===== RECORDS PROVIDED =====

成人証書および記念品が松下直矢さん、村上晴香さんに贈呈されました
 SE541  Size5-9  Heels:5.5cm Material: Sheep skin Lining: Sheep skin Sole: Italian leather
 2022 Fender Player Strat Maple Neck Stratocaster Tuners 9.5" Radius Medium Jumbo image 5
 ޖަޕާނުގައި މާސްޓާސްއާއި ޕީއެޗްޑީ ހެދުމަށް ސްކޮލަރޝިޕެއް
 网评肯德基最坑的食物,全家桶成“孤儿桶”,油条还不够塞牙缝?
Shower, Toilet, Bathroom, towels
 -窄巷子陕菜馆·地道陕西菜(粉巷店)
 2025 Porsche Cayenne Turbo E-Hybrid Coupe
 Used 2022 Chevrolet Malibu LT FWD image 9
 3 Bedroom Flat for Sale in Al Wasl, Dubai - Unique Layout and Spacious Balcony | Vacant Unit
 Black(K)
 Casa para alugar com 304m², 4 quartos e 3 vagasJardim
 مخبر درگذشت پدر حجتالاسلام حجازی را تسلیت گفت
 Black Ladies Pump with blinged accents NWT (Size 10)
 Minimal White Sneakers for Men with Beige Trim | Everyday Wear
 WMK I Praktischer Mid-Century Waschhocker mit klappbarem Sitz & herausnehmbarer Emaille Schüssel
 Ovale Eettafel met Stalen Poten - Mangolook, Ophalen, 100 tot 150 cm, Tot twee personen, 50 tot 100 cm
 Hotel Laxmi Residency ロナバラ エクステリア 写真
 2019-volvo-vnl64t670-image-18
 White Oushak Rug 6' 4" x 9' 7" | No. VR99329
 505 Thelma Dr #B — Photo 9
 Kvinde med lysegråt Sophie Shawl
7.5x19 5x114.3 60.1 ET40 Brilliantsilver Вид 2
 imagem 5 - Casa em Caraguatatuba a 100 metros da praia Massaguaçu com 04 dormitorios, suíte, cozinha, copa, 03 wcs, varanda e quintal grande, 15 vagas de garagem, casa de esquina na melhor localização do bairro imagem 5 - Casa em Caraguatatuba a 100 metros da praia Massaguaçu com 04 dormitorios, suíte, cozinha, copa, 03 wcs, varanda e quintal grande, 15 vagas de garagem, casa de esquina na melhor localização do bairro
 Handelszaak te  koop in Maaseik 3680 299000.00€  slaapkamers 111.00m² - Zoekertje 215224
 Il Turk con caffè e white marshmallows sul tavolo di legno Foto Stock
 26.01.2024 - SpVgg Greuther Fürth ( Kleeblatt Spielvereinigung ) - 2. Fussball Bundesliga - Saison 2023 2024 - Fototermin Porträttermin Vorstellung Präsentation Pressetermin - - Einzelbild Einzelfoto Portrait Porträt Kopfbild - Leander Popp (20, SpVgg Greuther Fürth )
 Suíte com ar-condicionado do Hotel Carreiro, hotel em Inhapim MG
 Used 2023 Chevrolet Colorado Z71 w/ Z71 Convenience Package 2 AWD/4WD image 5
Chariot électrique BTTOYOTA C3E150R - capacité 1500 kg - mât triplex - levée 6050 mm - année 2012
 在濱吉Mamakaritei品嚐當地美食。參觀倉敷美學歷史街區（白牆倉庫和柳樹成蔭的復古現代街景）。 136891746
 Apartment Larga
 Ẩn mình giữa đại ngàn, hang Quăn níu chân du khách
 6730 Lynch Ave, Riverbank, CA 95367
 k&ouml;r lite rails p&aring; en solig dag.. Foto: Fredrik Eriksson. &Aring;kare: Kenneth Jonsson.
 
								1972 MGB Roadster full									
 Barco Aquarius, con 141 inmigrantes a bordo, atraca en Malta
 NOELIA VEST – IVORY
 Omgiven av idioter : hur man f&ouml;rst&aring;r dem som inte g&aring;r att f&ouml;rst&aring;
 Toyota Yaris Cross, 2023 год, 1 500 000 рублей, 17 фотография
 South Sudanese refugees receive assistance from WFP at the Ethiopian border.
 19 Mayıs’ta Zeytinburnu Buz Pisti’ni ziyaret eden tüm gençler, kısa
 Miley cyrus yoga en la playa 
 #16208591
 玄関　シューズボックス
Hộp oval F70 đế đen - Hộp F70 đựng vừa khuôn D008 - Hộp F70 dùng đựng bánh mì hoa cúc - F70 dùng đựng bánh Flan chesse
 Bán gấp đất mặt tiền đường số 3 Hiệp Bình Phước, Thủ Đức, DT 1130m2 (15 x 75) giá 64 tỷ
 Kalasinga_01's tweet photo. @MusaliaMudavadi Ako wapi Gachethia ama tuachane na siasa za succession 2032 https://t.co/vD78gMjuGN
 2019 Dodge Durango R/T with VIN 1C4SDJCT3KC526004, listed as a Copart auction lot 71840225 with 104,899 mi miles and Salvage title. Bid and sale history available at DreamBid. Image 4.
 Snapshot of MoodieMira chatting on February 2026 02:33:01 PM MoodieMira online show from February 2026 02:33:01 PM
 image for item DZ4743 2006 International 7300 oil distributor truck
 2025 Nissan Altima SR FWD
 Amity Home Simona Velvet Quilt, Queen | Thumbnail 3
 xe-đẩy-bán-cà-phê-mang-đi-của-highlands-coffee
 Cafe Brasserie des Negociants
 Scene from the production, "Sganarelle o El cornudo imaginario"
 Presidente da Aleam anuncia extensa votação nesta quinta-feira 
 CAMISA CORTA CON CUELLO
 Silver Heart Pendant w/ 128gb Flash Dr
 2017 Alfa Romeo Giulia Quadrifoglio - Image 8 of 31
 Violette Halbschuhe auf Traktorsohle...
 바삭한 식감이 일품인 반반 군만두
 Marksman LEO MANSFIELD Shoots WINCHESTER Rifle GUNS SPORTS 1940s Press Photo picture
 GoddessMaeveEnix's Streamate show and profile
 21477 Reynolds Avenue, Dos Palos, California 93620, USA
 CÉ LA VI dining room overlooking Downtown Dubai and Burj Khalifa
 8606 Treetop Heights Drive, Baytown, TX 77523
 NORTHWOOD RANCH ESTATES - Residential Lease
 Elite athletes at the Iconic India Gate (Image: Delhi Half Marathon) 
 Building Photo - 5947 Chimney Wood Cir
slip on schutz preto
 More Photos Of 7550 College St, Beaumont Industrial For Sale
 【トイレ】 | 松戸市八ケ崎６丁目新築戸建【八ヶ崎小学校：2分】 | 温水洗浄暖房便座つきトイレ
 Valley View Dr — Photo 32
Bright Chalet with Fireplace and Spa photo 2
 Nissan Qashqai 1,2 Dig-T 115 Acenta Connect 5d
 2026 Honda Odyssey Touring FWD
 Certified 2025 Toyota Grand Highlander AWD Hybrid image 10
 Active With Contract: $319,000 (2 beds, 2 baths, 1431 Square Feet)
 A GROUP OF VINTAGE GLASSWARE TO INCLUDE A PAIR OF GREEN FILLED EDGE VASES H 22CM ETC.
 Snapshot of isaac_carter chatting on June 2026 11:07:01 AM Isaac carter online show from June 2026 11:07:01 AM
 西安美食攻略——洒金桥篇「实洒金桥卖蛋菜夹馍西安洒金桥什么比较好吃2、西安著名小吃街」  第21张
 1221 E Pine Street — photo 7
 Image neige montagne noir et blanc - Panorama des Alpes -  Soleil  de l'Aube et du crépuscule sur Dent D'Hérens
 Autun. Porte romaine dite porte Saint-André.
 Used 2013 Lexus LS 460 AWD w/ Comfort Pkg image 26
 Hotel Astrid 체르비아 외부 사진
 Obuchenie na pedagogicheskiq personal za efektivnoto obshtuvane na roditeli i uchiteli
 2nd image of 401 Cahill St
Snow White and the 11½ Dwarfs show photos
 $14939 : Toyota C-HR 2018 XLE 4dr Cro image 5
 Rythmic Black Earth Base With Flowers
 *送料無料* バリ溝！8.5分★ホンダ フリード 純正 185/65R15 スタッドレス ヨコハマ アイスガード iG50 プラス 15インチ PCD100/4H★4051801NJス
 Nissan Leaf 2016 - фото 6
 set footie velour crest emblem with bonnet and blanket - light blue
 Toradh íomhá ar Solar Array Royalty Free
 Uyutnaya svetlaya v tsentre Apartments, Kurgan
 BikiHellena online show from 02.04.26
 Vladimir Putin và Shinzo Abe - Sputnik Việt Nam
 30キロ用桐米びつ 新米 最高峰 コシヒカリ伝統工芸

=====

The exact lines of the material above starting at the one that contains "Used 2013 Lexus" and ending at the one that contains "プラス 15インチ PCD100/4H★4051801NJス" are what to retype; leave out everything else.

§ **EXERCISE RESULT**:
 Used 2013 Lexus LS 460 AWD w/ Comfort Pkg image 26
 Hotel Astrid 체르비아 외부 사진
 Obuchenie na pedagogicheskiq personal za efektivnoto obshtuvane na roditeli i uchiteli
 2nd image of 401 Cahill St
Snow White and the 11½ Dwarfs show photos
 $14939 : Toyota C-HR 2018 XLE 4dr Cro image 5
 Rythmic Black Earth Base With Flowers
 *送料無料* バリ溝！8.5分★ホンダ フリード 純正 185/65R15 スタッドレス ヨコハマ アイスガード iG50 プラス 15インチ PCD100/4H★4051801NJス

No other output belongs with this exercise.